Today, tiny American flags flutter from each headstone in the Chattanooga National Cemetery, placed over the weekend by Boy Scouts, Cub Scouts and other volunteers. A Memorial Day service will be held this morning at 11. Jim Ogden will lead a torchlight history tour tonight.
The 11 men who do the burials at the historic cemetery, every one a military veteran, see every working day as if it is Memorial Day or Veterans Day.
"We do a few more things like the big flags and the little flags, but it is basically the same thing every day," says cemetery worker Tito Mineno, an Army veteran who served in Desert Storm.
"We take care of our own," he says. "We constantly make sure the veterans are taken care of, the cemetery is taken care of. A lot of people are proud of what goes on here. I'll keep taking pride in it, even after I retire, which, hopefully, will be a long time."
The cemetery was officially named in 1867 but started in 1863 with thousands of Civil War dead, many of them unknown. The number of burials at the Chattanooga National Cemetery will reach 51,000 by the end of the year, with an annual average of 1,200 burials these days.

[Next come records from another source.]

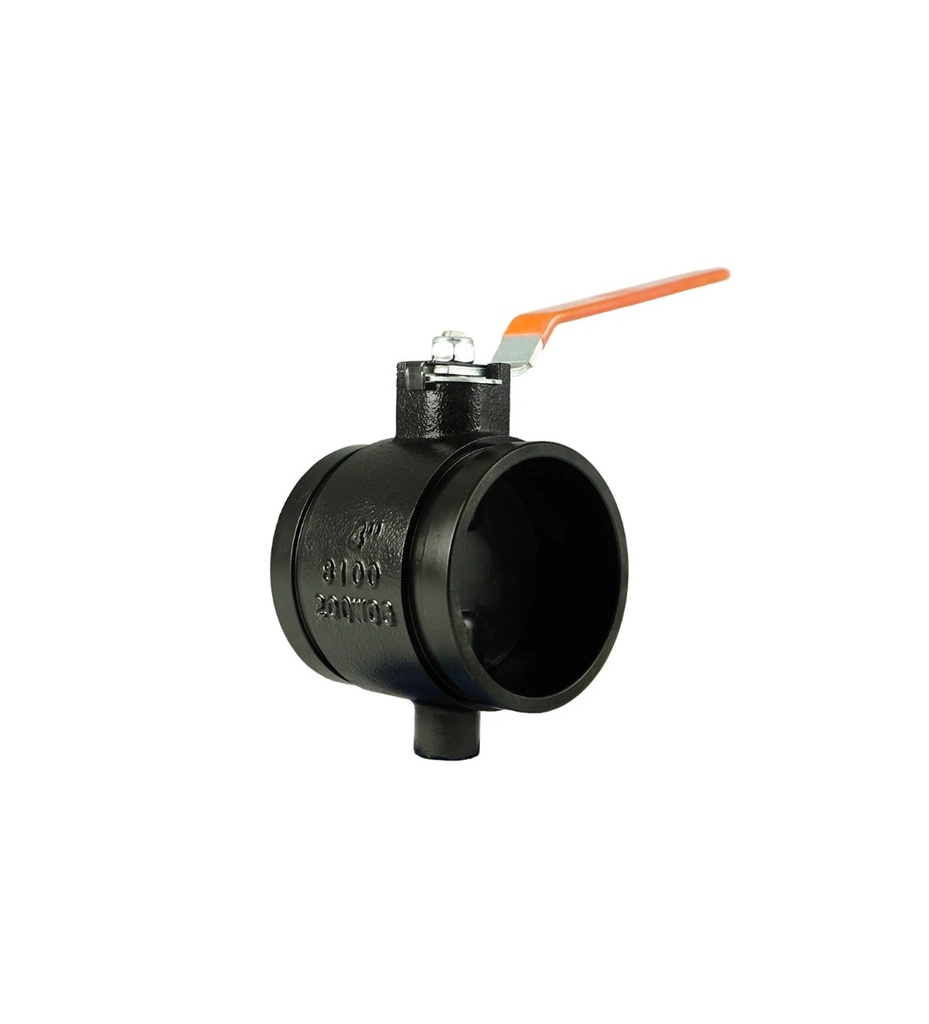 VALVULA GRVD CON INTERRUPTOR DE 6" BFV, 300PSI, 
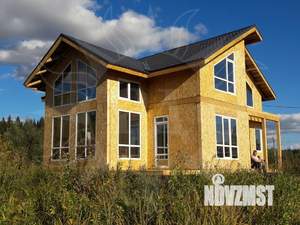 Дом 201м&sup2;, 2-этажный, участок 10 сот.  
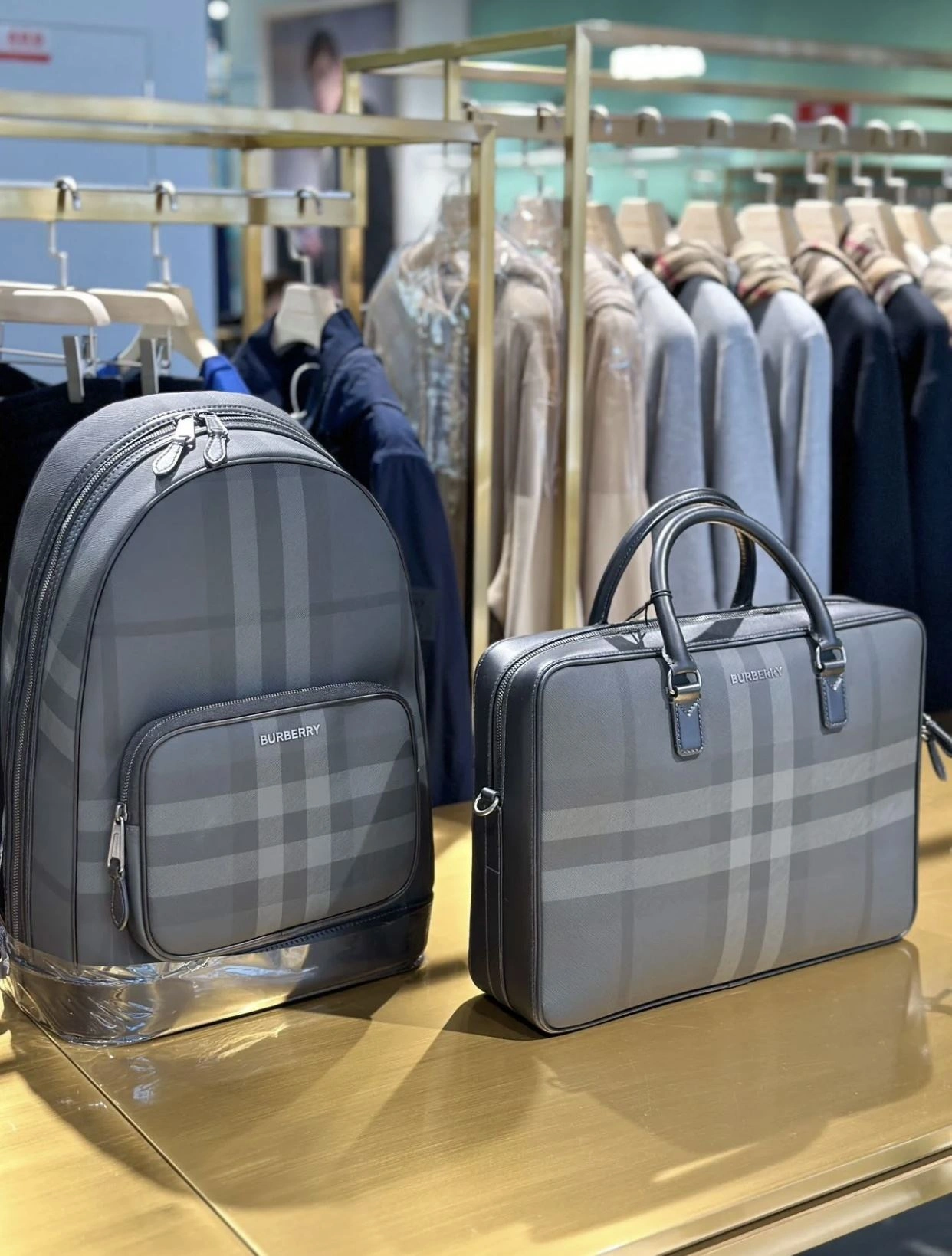Seasonal Mens Burberry Briefcases 93331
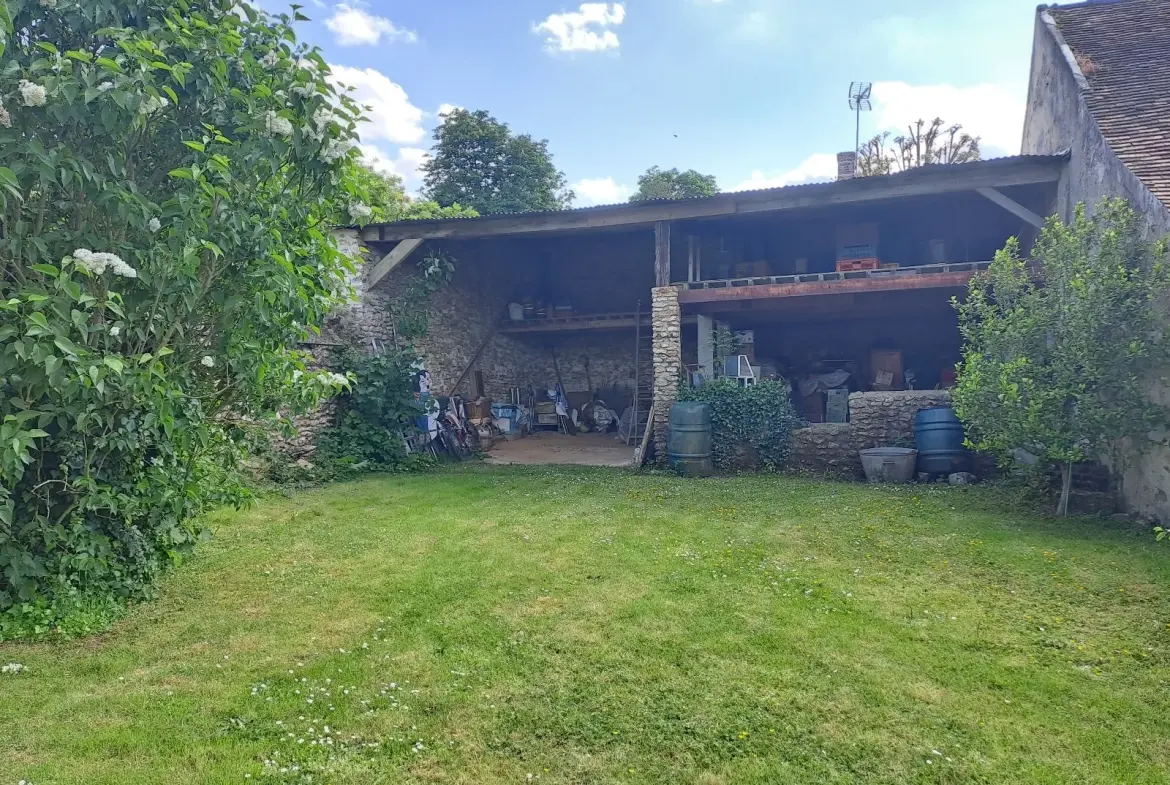 Maison ancienne avec charme moderne, 6 pièces à Dourdan - Proche Paris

One day, about a week before the Memorial Day, the crew handles six burials. They work quickly and efficiently, on a tight schedule, but respectfully. Machines are used, but the graves are finished by hand. Mineno operates a backhoe to lower the vault lid into place and fill the grave with dirt. After putting the vehicle back on a trailer, he helps other crew members smooth the layer of topsoil. Then he and the other crew members move to another spot in the cemetery for their next job.
Mineno has a more personal connection to the Chattanooga National Cemetery. His grandfather and mother-in-law are buried there, as well as the executive officer he served with during Desert Storm. To him, it is another reason to do the job well, and correctly.
"We just carry on, and show the utmost respect."